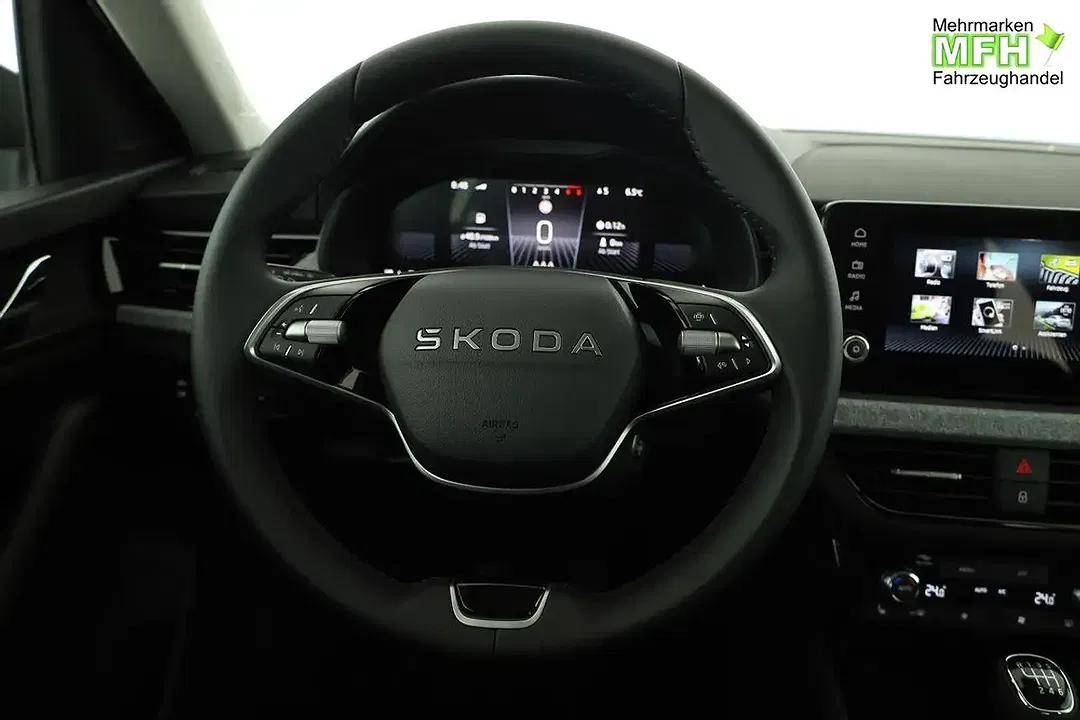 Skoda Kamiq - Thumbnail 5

*-*-*

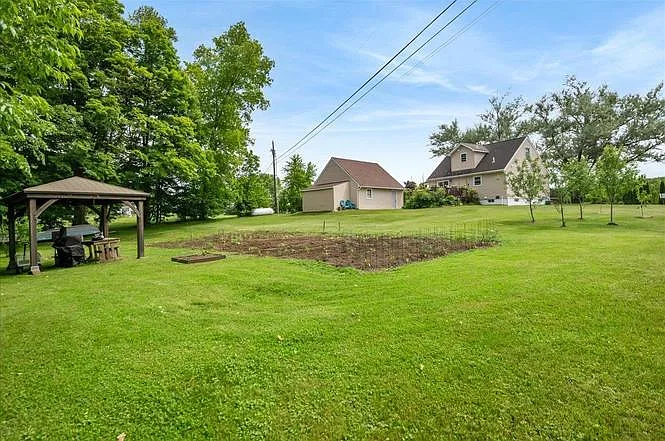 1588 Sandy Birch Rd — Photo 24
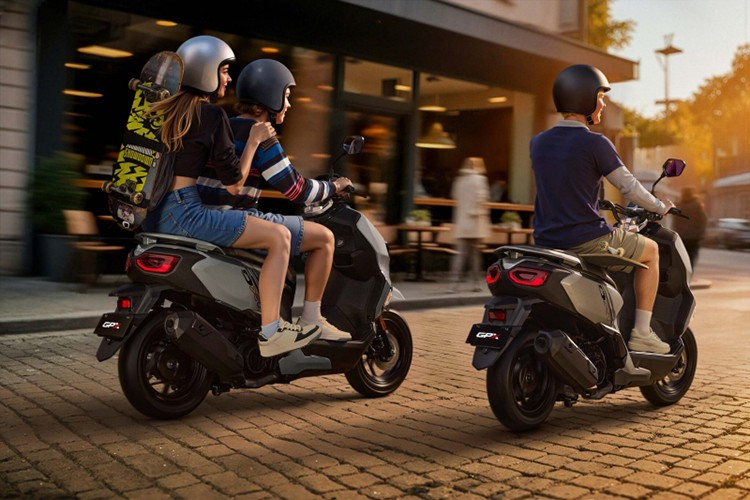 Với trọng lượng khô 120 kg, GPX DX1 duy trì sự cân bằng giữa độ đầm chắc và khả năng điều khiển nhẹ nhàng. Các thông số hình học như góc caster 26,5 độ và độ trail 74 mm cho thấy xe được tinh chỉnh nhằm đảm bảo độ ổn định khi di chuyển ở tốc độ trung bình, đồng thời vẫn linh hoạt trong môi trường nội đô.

*-*-*

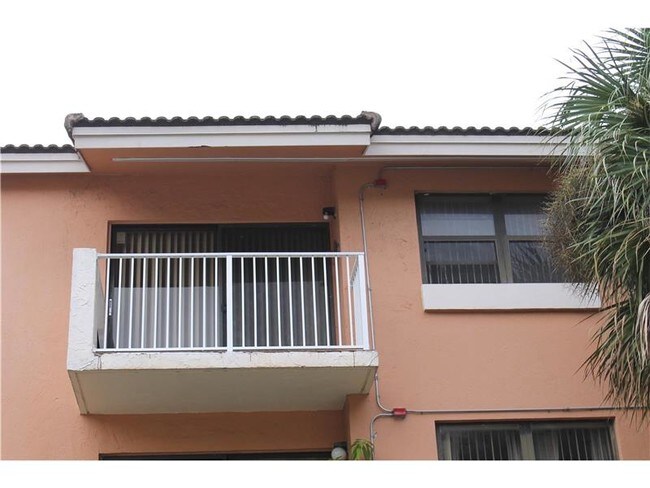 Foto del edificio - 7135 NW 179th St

*-*-*

**Work to be completed**
What are the lines in the records above, word for word, from the one containing "1588 Sandy Birch Rd — Photo 24" through the one containing "Với trọng lượng", both ends included and pictures left out?

**Your response**
 1588 Sandy Birch Rd — Photo 24
 Với trọng lượng khô 120 kg, GPX DX1 duy trì sự cân bằng giữa độ đầm chắc và khả năng điều khiển nhẹ nhàng. Các thông số hình học như góc caster 26,5 độ và độ trail 74 mm cho thấy xe được tinh chỉnh nhằm đảm bảo độ ổn định khi di chuyển ở tốc độ trung bình, đồng thời vẫn linh hoạt trong môi trường nội đô.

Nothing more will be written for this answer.